A key related concept is the z-score, which converts any normally distributed value into units of standard deviations from the mean. This standardization is what makes it possible to compare values across different normal distributions using a single common scale, calculated with the Z-Score Calculator.

Formula

The probability density function of the normal distribution is:

f(x) = [1 ÷ (σ√(2π))] × e^(−(x−μ)² ÷ (2σ²))

To find how many standard deviations a value x is from the mean, use the z-score:

z = (x − μ) ÷ σ

Worked Example

Suppose adult heights in a population are normally distributed with a mean (μ) of 170 cm and a standard deviation (σ) of 8 cm. For a person who is 186 cm tall:

z = (186 − 170) ÷ 8 = 16 ÷ 8 = 2

A z-score of 2 means this person's height is 2 standard deviations above the mean. Applying the 68-95-99.7 rule, about 95% of the population falls within ±2 standard deviations (154 cm to 186 cm), so this person is taller than roughly 97.5% of the population.

Key Things to Know

  • Defined by just two numbers: the entire shape and location of a normal distribution is captured by its mean and Standard Deviation — no other parameters are needed.
  • Symmetric around the mean: the mean, median, and mode are all identical and sit exactly at the center of the curve.
  • The 68-95-99.7 rule gives fast estimates: roughly 68% of data falls within 1 standard deviation, 95% within 2, and 99.7% within 3, without needing to calculate exact probabilities.
  • Z-scores standardize comparisons: converting values to z-scores lets you compare data measured on different scales or from different normal distributions directly.
  • Not every dataset is normal: skewed or multi-modal data does not follow this pattern, so it's worth checking the shape of a distribution before applying normal-distribution-based statistics.

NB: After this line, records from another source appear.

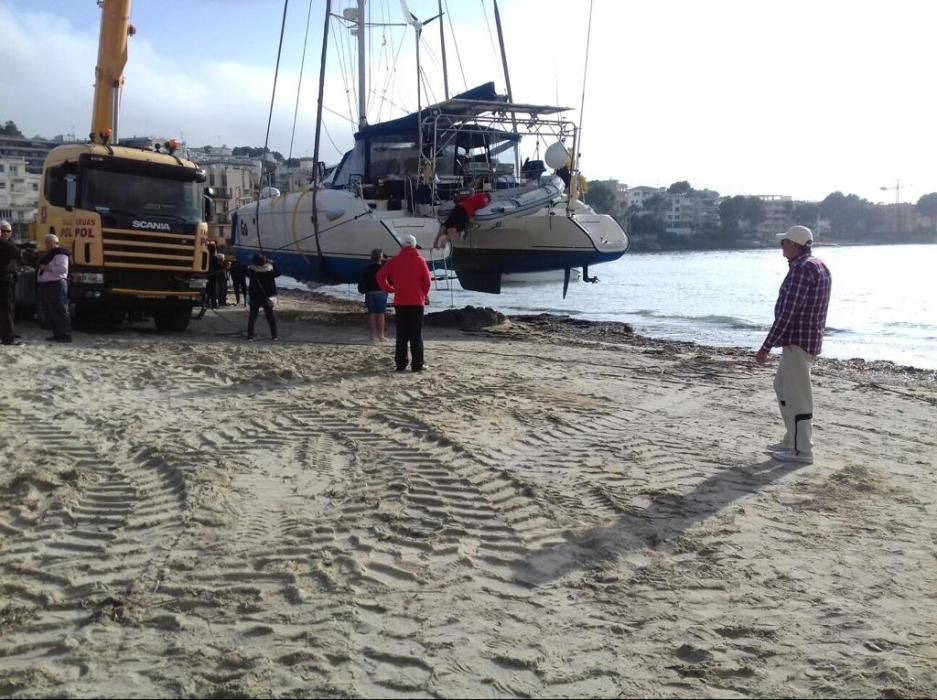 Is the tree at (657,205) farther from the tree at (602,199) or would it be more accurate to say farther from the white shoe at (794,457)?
the white shoe at (794,457)

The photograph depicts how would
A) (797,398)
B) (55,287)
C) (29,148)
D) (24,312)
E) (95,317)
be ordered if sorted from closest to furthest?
(797,398) → (55,287) → (95,317) → (24,312) → (29,148)

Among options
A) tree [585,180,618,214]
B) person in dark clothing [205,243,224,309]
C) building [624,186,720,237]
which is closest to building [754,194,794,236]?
building [624,186,720,237]

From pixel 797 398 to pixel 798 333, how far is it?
500 mm

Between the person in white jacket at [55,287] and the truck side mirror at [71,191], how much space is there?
117 centimetres

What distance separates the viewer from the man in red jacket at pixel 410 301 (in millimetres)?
10445

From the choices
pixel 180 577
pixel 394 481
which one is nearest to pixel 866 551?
pixel 394 481

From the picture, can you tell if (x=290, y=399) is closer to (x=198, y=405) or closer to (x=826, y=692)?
(x=198, y=405)

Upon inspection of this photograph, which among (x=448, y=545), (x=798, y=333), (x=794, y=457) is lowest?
(x=448, y=545)

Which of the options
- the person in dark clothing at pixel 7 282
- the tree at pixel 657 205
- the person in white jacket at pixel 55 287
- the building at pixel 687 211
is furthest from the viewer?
the tree at pixel 657 205

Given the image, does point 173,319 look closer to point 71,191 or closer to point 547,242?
point 71,191

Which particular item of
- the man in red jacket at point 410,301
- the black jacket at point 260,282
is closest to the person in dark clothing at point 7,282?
the black jacket at point 260,282

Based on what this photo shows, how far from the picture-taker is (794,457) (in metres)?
6.62

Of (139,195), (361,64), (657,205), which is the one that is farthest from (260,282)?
(657,205)

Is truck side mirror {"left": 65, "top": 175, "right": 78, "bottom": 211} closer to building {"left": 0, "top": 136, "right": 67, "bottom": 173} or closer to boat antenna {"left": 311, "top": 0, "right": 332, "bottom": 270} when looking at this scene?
boat antenna {"left": 311, "top": 0, "right": 332, "bottom": 270} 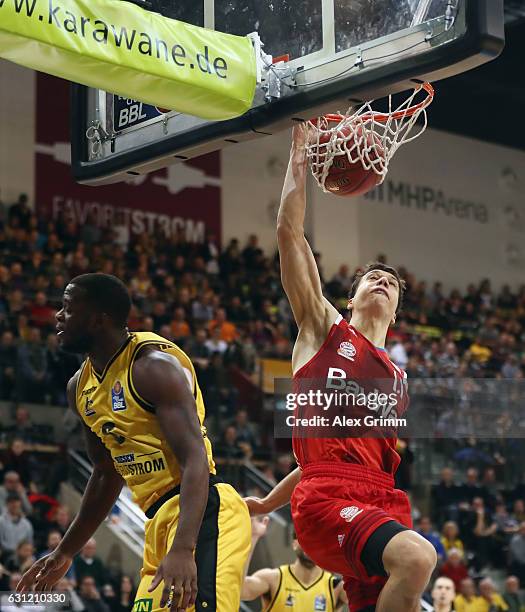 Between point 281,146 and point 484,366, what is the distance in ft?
19.5

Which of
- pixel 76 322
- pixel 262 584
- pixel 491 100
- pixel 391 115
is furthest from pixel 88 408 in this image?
pixel 491 100

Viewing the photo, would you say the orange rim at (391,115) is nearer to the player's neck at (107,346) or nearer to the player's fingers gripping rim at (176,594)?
the player's neck at (107,346)

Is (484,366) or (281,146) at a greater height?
(281,146)

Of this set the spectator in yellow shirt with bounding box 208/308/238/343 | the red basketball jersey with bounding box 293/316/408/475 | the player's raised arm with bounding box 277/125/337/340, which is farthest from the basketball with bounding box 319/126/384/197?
the spectator in yellow shirt with bounding box 208/308/238/343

Frequently Asked Questions

The 68-95-99.7 rule (also called the empirical rule) states that in a normal distribution, about 68% of values fall within 1 standard deviation of the mean, about 95% fall within 2 standard deviations, and about 99.7% fall within 3 standard deviations. It gives a quick way to estimate how unusual a given value is without doing a full calculation.
Many natural and social phenomena — heights, test scores, measurement errors — approximate a normal distribution, and the central limit theorem shows that the average of many independent samples tends toward normality even when the underlying data isn't. This makes it the foundation for confidence intervals, hypothesis testing, and quality control methods.
A standard normal distribution is a normal distribution with a mean of 0 and a standard deviation of 1. Any normal distribution can be converted to the standard form by calculating a z-score for each value, which is what tools like the Z-Score Calculator do.
Yes — the normal distribution is defined over all real numbers, so it theoretically extends infinitely in both directions, including negative values. In practice, whether negative values make sense depends on what's being measured (temperature can be negative, height cannot).
Common checks include plotting a histogram to look for a symmetric bell shape, using a Q-Q plot to compare sample quantiles against theoretical normal quantiles, or running a formal statistical test such as Shapiro-Wilk. Skewness and kurtosis close to zero also support (but don't prove) approximate normality.
A normal distribution is perfectly symmetric, with the mean, median, and mode all equal at the center of the curve. A skewed distribution has a longer tail on one side, pulling the mean away from the median — income distributions, for example, are typically right-skewed because a small number of very high earners stretch the upper tail.